The functional roles of MMPs in tumor neovascularization are intrinsically associated with a specific aspect of aggressive cancer, i.e. the nature of vessels utilized for metastatic tumor cell dissemination [225,226]. Addressing this aspect poises additional questions pertinent to the regulation of tumor vascularization by MMPs, including: 1) Do tumor cells intravasate into the newly-formed vasculature of the primary tumor, i.e. does the angiogenic vasculature serve as conduits for tumor cell dissemination? If so, the pro-metastatic role of MMPs in tumor cell dissemination would critically depend on the overall outcome of positive and negative MMP contributions to tumor angiogenesis and vasculogenesis. Although there is general agreement that tumor neovascularization is linked to and required for tumor metastasis, there is a relative paucity of experimental evidence directly demonstrating intravasation of tumor cells into angiogenic capillaries, rather than into pre-established blood vessels [45]. Moreover, recent evidence indicates that even if cancer dissemination occurs through tumor-induced angiogenic vessels, it might be efficient only at the early stages of angiogenic network development, i.e. before endothelial cell normalization [227]. It would be of particular interest to analyze whether MMPs are involved in this normalization of the vasculature. 2) If disseminating tumor cells, however, intravasate into the pre-established vasculature (either hematogenous or lymphatic), do MMPs facilitate cancer dissemination via those vessels co-opted by the tumor or surrounding the tumor? If implemented, this scenario apparently would critically depend on MMP-mediated proteolytic modifications of tumor ECM, especially at the tumor border, assisting the escape, invasion, directional migration towards and subsequent intravasation of tumor cells into pre-existing blood vessels.
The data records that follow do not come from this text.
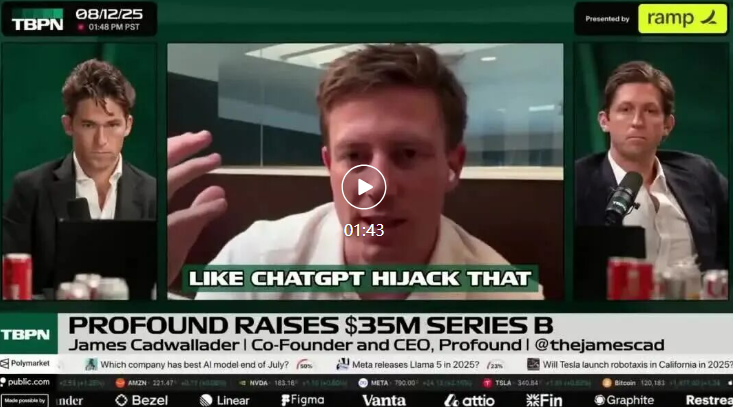 Profound CEO James Cadwallader接连登上《炉边谈话》等财经节目 GEO爆火凭什么?拆解GEO爆火底层逻辑!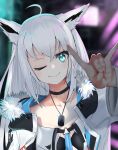  1girl ;) absurdres ahoge animal_ears aqua_eyes black_choker choker dog_tags fox_ears fox_girl fur-trimmed_jacket fur_trim hair_between_eyes head_tilt highres hololive jacket jewelry lazurite_(user_8870367) long_hair looking_at_viewer necklace one_eye_closed shirakami_fubuki silver_hair smile solo upper_body virtual_youtuber white_jacket 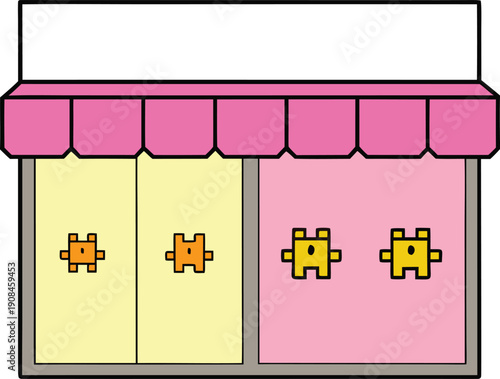 Retro shop window with blinking pixel signs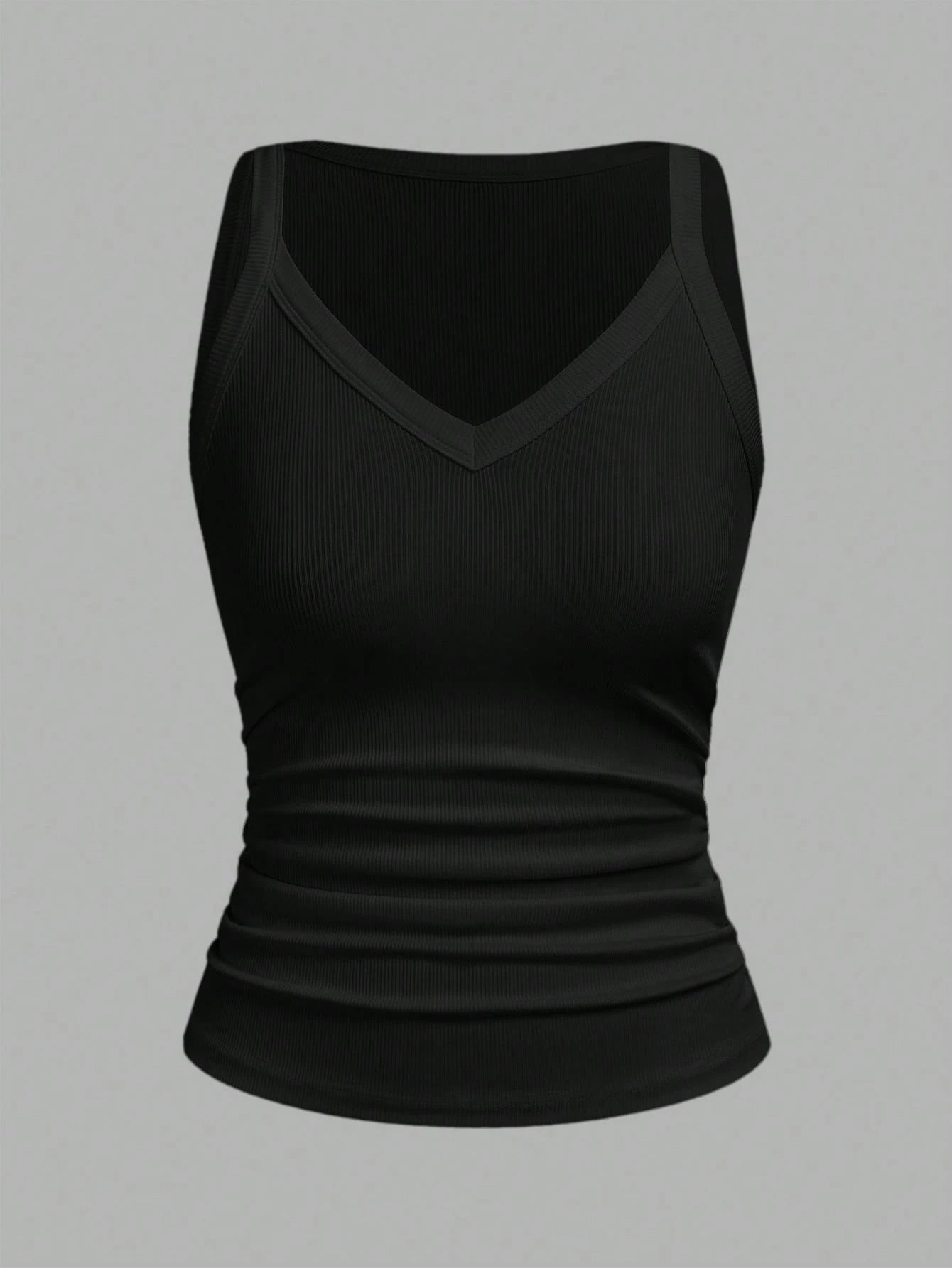 Slaydiva Women's Black Summer Casual Everyday Tank Top,Basic Versatile Solid Ribbed V-Neck Racerback Gathered Vest For Yoga,Sports,Beach,Party,Vacation Outfits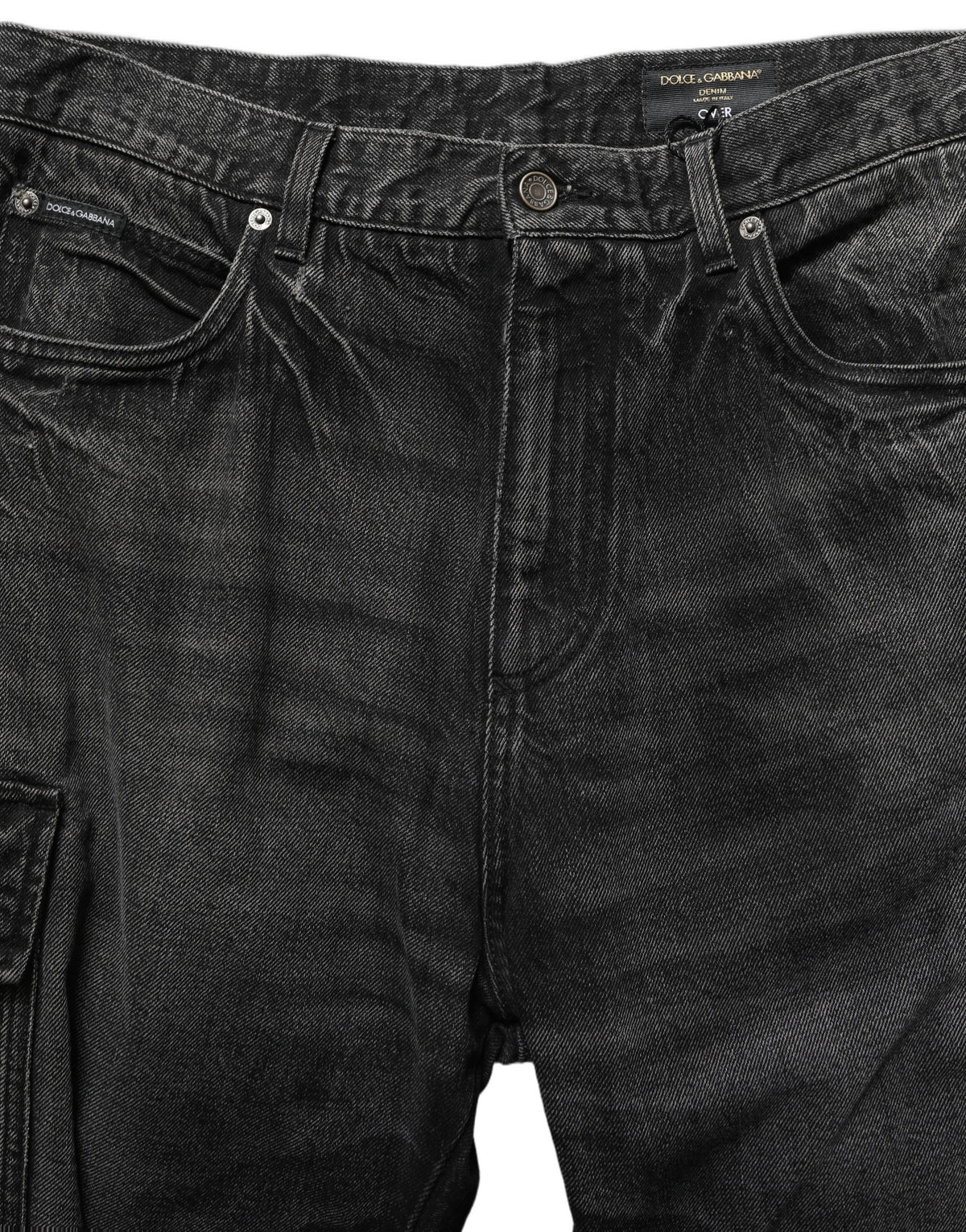 Jeans by Dolce & Gabbana for men in denim cotton dark-gray & signature features a refined silhouette with a refined relaxed-fit & wide, defined by a and a refined long for a refined finish.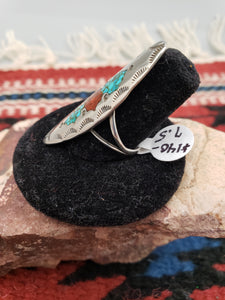 TURQUOISE & CORAL CHIP INLAY RING - RICHARD BEGAY - Size 7.5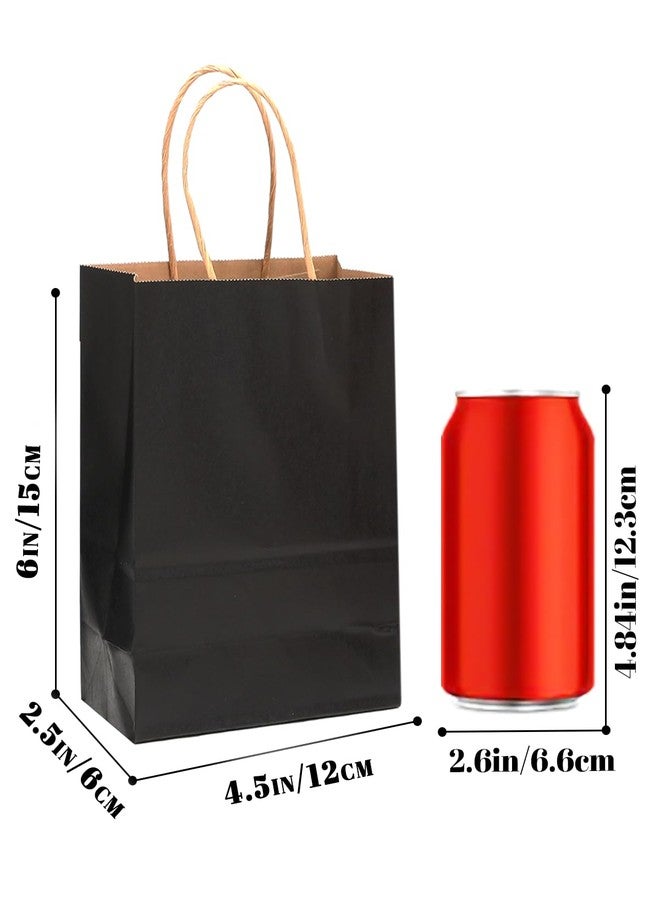 Bakepacker 100 Pcs Black Mini Paper Gift Bags with Handles 6"x4.5"x2.5" Kraft Party Favor Bags Multiple Uses (Mini size) - Image 3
This scenario would also imply that MMP-assisted tumor dissemination might, paradoxically, be independent of those functions of MMPs, which are directly related to tumor neovascularization such as angiogenic switching, growth factor release and recruitment of progenitor cells. These aspects of MMP pleiotropic functionality remain experimentally unexplored, awaiting further research for their resolution.